Redis 4.0 RC3 and greater versions totally solve this problem and now writable slaves are able to evict keys with TTL as masters do, with the exceptions of keys written in DB numbers greater than 63 (but by default Redis instances only have 16 databases).

Also note that since Redis 4.0 slave writes are only local, and are not propagated to sub-slaves attached to the instance. Sub slaves instead will always receive the replication stream identical to the one sent by the top-level master to the intermediate slaves. So for example in the following setup:

A ---> B ---> C

Even if B is writable, C will not see B writes and will instead have identical dataset as the master instance A.

Setting a slave to authenticate to a master

If your master has a password via requirepass, it's trivial to configure the slave to use that password in all sync operations.

To do it on a running instance, use redis-cli and type:

config set masterauth <password>

To set it permanently, add this to your config file:

masterauth <password>

Allow writes only with N attached replicas

Starting with Redis 2.8, it is possible to configure a Redis master to accept write queries only if at least N slaves are currently connected to the master.

However, because Redis uses asynchronous replication it is not possible to ensure the slave actually received a given write, so there is always a window for data loss.

This is how the feature works:

Redis slaves ping the master every second, acknowledging the amount of replication stream processed.
Redis masters will remember the last time it received a ping from every slave.
The user can configure a minimum number of slaves that have a lag not greater than a maximum number of seconds.

If there are at least N slaves, with a lag less than M seconds, then the write will be accepted.

You may think of it as a best effort data safety mechanism, where consistency is not ensured for a given write, but at least the time window for data loss is restricted to a given number of seconds.

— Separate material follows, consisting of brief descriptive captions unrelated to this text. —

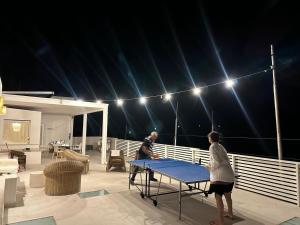 Dimora Mulino di Mare VILLA FRONTE MARE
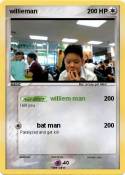 willieman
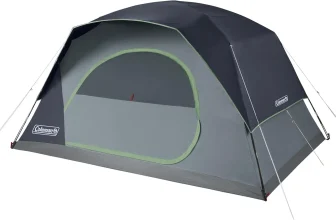 אוהל Coleman Skydome ל 8 אנשים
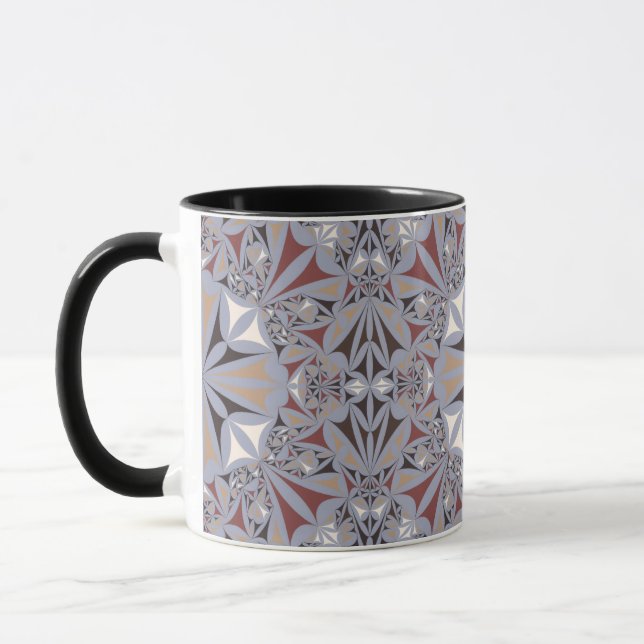 Printing Coffee Mug (Left)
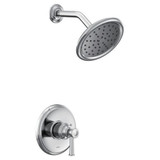 Belfield M Core 2 Series Shower Only Multiple Finishes by Moen - UT2312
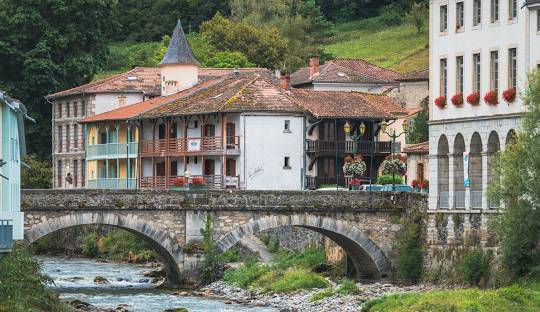 diagnostiqueur immobilier à Seix 09140 près de st girons en ariège 09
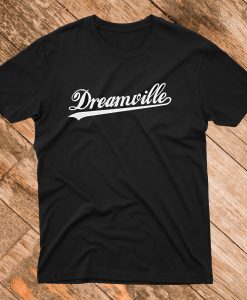 dreamville t shirt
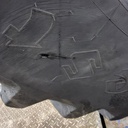 520/85R42 Firestone Radial All Traction 23 R-1 157B 55%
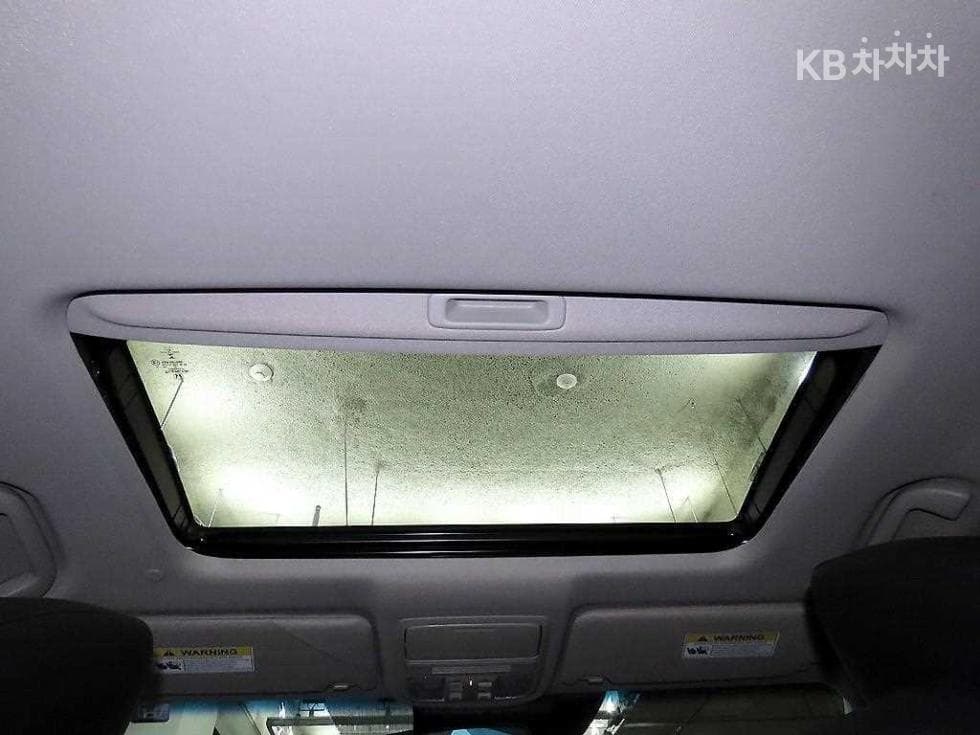 혼다 어코드 10세대Hybrid 2.0 Touring - 17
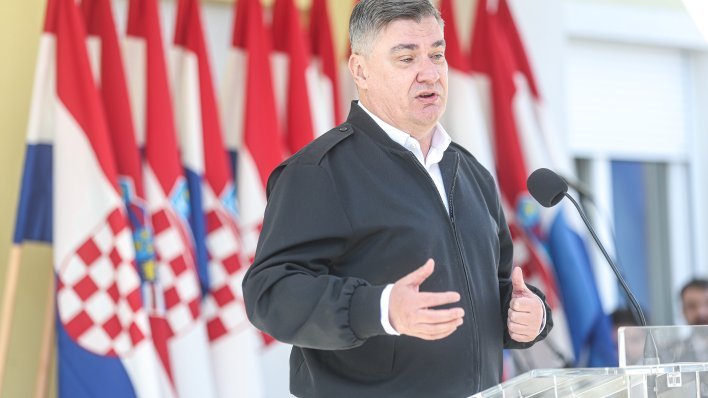 Milanović Saboru predložio kandidate za predsjednika Vrhovnog suda? Odluka u idućih nekoliko dana
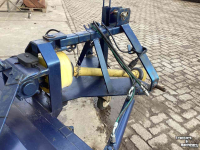 Sweeper Schrijver RB180 Veegmachine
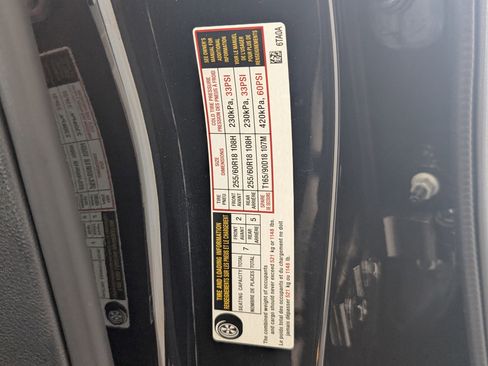 Used 2025 INFINITI QX60 Pure image 43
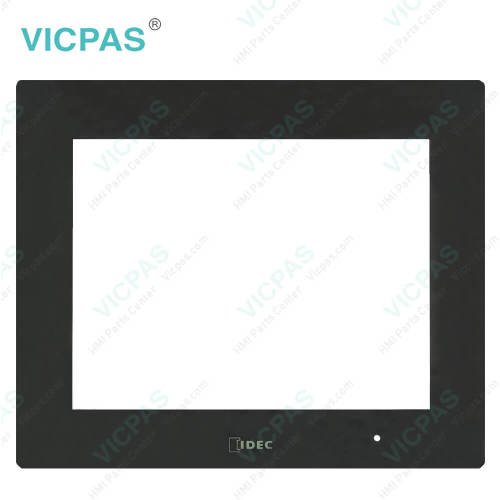 IDEC HG2G-SS21VF-B Touch Monitor Front Overlay Repair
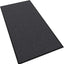 Tapete puerta 96x48pulg antiderrap interior exterior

In general bound data loss is better than unbound one.

If the conditions are not met, the master will instead reply with an error and the write will not be accepted.

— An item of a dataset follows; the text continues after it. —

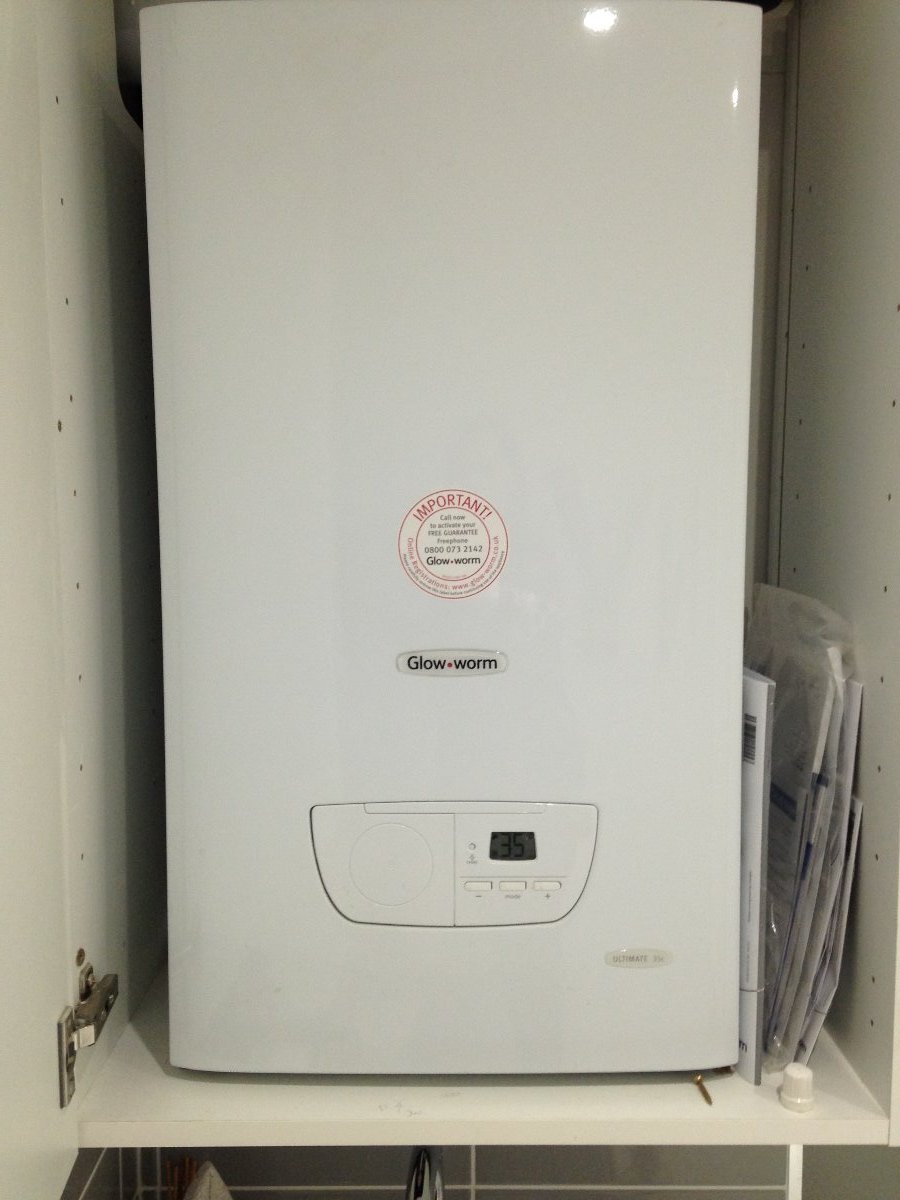 Heating Engineer: Image 9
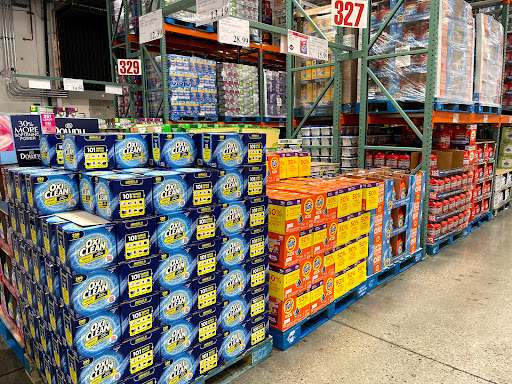 Warehouse store «Costco Wholesale», reviews and photos, 3901 W Costco Dr, Tucson, AZ 85741, USA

There are two configuration parameters for this feature:

min-slaves-to-write <number of slaves>
min-slaves-max-lag <number of seconds>

For more information, please check the example redis.conf file shipped with the Redis source distribution.

The INFO and ROLE command

There are two Redis commands that provide a lot of information on the current replication parameters of master and slave instances. One is INFO. If the command is called with the replication argument as INFO replication only information relevant to the replication are displayed. Another more computer-friendly command is ROLE, that provides the replication status of masters and slaves together with their replication offsets, list of connected slaves and so forth.

Partial resynchronizations after restarts and failovers

Since Redis 4.0, when an instance is promoted to master after a failover, it will be still able to perform a partial resynchronization with the slaves of the old master. To do so, the slave remembers the old replication ID and offset of its former master, so can provide part of the backlog to the connecting slaves even if they ask for the old replication ID.

However the new replication ID of the promoted slave will be different, since it constitutes a different history of the data set. For example, the master can return available and can continue accepting writes for some time, so using the same replication ID in the promoted slave would violate the rule that a of replication ID and offset pair identifies only a single data set.

Moreover slaves when powered off gently and restarted, are able to store in the RDB file the information needed in order to resynchronize with their master. This is useful in case of upgrades. When this is needed, it is better to use the SHUTDOWN command in order to perform a save & quit operation on the slave.

It is not possilbe to partially resynchronize a slave that restarted via the AOF file. However the instance may be turned to RDB persistence before shutting down it, than can be restarted, and finally AOF can be enabled again.